> [ACTIVITY]
Return the full listing unchanged, apart from leaving out its images.
BEGIN DATA
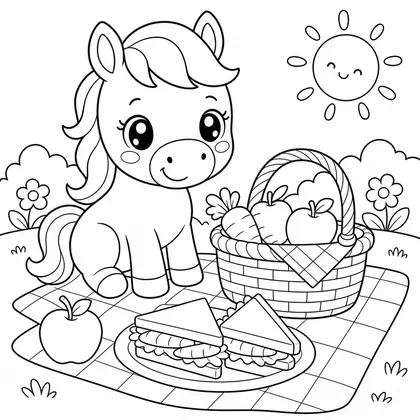Picnic horse coloring page
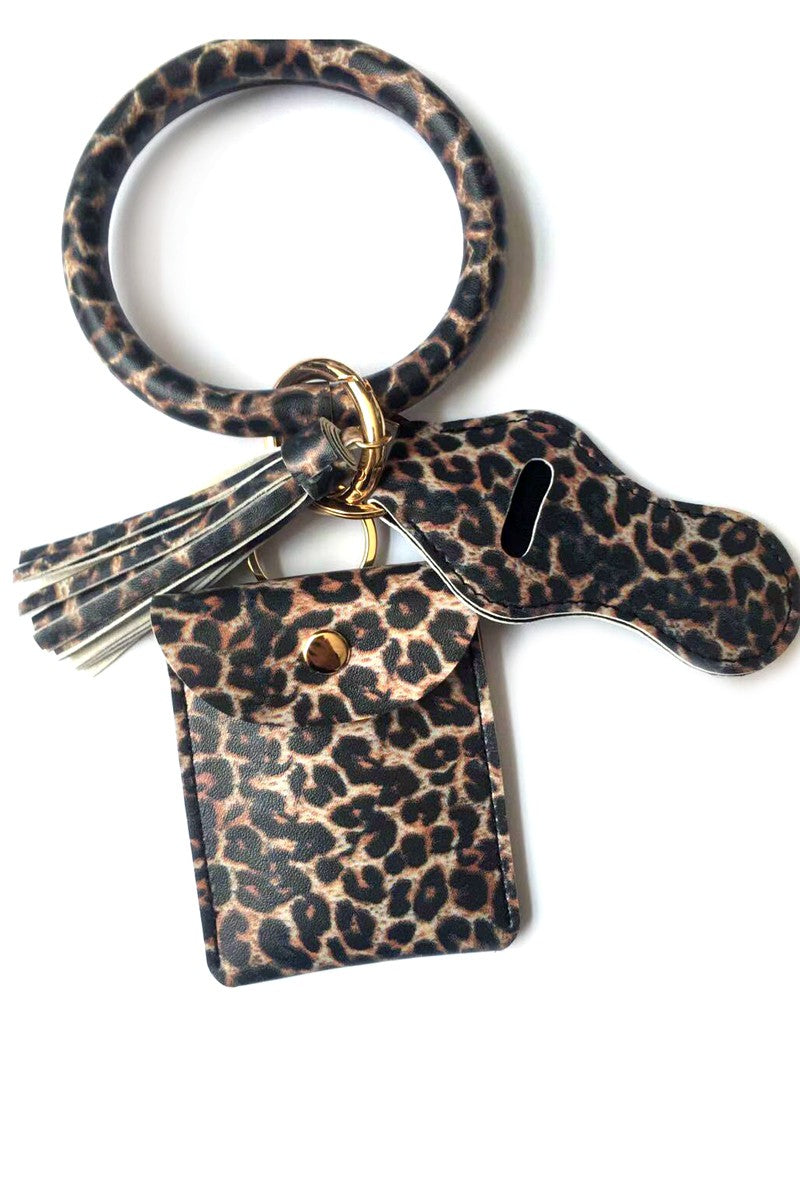 Brown Leopard Print Lipstick Bag Ring Bracelet Key Chain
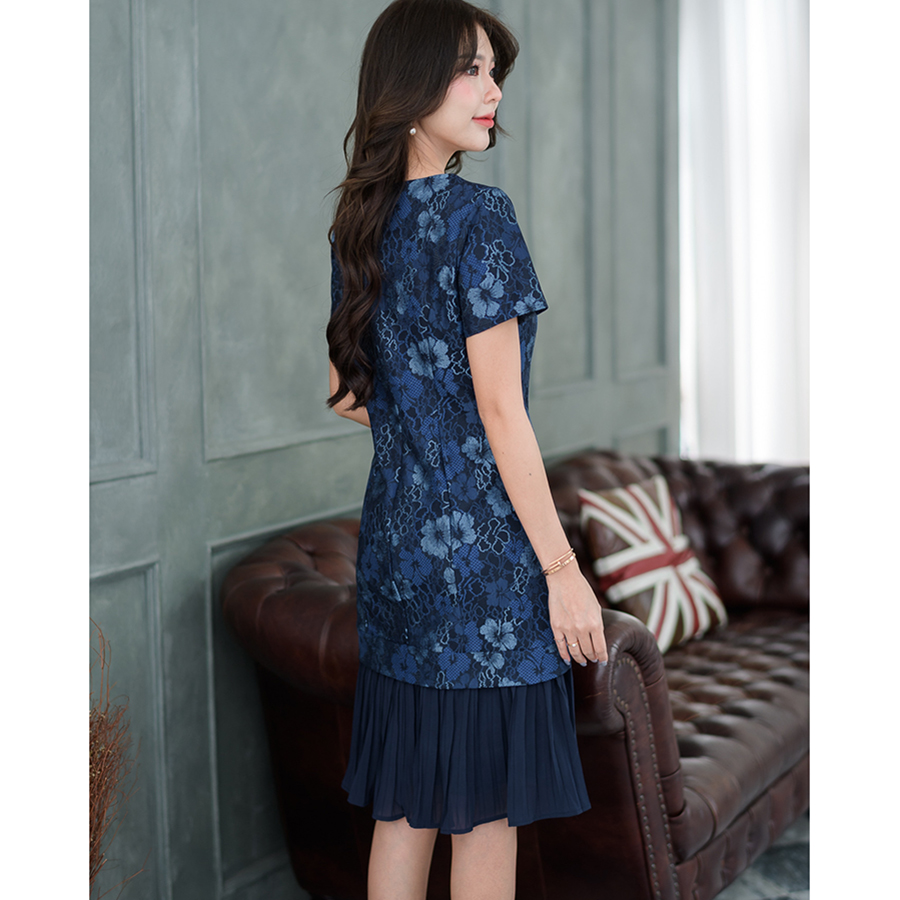 kudapy เดรสสั้นไปงานสีน้ำเงินกรมท่า,สีชมพูม่วง เดรสสั้นทรงระบาย แขนสั้น คอกลม เดรสลูกไม้ลายดอกงานซิบหลัง ผ้าสวยทิ้งตัว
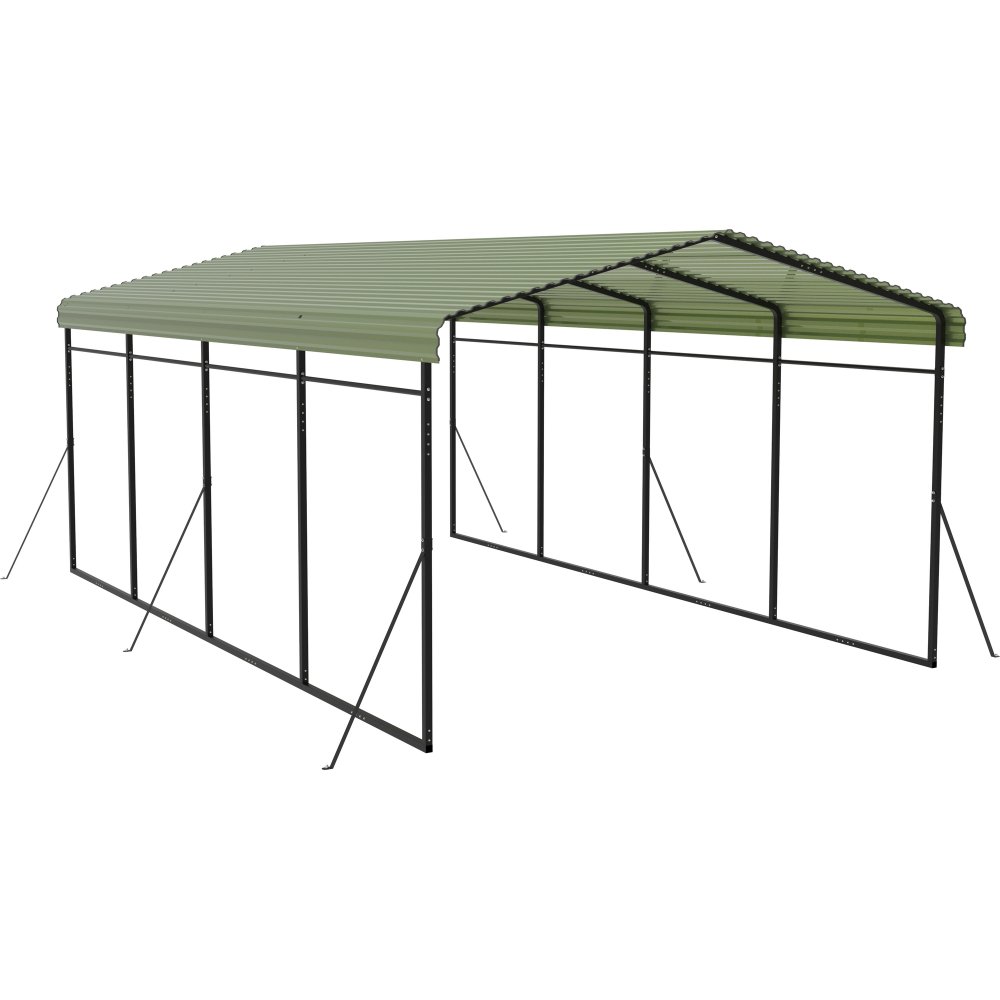 Carport med metallram och färgplåt Carport med metallram och färgplåt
END DATA
> [ANSWER BOX]
Picnic horse coloring page
 Brown Leopard Print Lipstick Bag Ring Bracelet Key Chain
 kudapy เดรสสั้นไปงานสีน้ำเงินกรมท่า,สีชมพูม่วง เดรสสั้นทรงระบาย แขนสั้น คอกลม เดรสลูกไม้ลายดอกงานซิบหลัง ผ้าสวยทิ้งตัว
 Carport med metallram och färgplåt Carport med metallram och färgplåt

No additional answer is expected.